■ **Data to process**
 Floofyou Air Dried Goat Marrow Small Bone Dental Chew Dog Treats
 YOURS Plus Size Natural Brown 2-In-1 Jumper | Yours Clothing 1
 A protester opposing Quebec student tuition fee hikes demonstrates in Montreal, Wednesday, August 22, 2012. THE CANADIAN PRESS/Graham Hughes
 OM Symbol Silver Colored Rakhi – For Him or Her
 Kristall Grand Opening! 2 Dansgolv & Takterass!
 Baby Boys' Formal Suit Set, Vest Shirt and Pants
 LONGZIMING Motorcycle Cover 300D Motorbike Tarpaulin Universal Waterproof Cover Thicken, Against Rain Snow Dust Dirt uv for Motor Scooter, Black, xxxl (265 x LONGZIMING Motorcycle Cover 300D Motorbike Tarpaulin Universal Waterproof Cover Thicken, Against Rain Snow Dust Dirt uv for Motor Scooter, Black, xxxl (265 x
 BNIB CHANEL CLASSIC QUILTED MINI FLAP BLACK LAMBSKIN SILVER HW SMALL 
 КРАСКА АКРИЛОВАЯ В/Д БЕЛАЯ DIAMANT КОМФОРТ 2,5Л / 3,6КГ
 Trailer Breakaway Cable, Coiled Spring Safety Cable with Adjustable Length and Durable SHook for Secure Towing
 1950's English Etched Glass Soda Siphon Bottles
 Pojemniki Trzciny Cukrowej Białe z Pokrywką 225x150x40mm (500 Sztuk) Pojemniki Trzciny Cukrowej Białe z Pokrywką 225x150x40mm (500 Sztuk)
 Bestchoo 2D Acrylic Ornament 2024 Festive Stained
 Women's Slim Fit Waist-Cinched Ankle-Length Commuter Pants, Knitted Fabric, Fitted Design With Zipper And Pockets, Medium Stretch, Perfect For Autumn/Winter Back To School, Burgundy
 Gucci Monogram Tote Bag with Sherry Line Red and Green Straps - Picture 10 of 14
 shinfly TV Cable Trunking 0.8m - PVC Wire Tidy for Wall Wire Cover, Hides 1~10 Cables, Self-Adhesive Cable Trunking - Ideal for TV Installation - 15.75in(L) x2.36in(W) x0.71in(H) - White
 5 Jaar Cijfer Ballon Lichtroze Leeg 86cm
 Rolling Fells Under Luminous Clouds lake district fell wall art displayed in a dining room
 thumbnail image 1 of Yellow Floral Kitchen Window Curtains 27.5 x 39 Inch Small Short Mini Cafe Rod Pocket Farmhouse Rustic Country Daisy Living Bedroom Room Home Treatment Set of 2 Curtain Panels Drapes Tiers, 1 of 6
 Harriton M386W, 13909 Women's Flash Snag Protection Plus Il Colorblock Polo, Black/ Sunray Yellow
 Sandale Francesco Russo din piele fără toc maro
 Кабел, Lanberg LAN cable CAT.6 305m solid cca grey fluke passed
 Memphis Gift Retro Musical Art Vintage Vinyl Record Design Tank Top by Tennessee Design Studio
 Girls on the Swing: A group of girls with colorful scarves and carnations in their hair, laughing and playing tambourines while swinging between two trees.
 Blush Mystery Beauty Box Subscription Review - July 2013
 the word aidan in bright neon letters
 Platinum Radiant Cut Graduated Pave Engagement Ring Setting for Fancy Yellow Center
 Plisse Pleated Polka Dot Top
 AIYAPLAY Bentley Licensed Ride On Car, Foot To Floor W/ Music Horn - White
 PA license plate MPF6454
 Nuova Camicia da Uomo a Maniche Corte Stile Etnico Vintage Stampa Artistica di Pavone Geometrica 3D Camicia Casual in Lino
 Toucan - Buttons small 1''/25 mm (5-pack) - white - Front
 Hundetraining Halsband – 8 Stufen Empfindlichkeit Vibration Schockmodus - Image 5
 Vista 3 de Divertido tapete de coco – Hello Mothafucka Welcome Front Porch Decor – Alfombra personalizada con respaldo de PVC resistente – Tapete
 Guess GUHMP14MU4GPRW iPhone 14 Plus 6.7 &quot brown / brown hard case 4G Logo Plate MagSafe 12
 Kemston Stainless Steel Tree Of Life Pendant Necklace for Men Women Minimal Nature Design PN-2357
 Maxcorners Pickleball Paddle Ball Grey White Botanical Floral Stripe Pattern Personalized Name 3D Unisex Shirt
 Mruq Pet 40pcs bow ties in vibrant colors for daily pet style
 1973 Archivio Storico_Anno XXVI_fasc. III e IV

■ **Exercise requirements**
In the listing above, please print only the lines from the first one to the line where "(500 Sztuk) Pojemniki" appears, exactly as written, both of those lines included.

■ **Response area**
 Floofyou Air Dried Goat Marrow Small Bone Dental Chew Dog Treats
 YOURS Plus Size Natural Brown 2-In-1 Jumper | Yours Clothing 1
 A protester opposing Quebec student tuition fee hikes demonstrates in Montreal, Wednesday, August 22, 2012. THE CANADIAN PRESS/Graham Hughes
 OM Symbol Silver Colored Rakhi – For Him or Her
 Kristall Grand Opening! 2 Dansgolv & Takterass!
 Baby Boys' Formal Suit Set, Vest Shirt and Pants
 LONGZIMING Motorcycle Cover 300D Motorbike Tarpaulin Universal Waterproof Cover Thicken, Against Rain Snow Dust Dirt uv for Motor Scooter, Black, xxxl (265 x LONGZIMING Motorcycle Cover 300D Motorbike Tarpaulin Universal Waterproof Cover Thicken, Against Rain Snow Dust Dirt uv for Motor Scooter, Black, xxxl (265 x
 BNIB CHANEL CLASSIC QUILTED MINI FLAP BLACK LAMBSKIN SILVER HW SMALL 
 КРАСКА АКРИЛОВАЯ В/Д БЕЛАЯ DIAMANT КОМФОРТ 2,5Л / 3,6КГ
 Trailer Breakaway Cable, Coiled Spring Safety Cable with Adjustable Length and Durable SHook for Secure Towing
 1950's English Etched Glass Soda Siphon Bottles
 Pojemniki Trzciny Cukrowej Białe z Pokrywką 225x150x40mm (500 Sztuk) Pojemniki Trzciny Cukrowej Białe z Pokrywką 225x150x40mm (500 Sztuk)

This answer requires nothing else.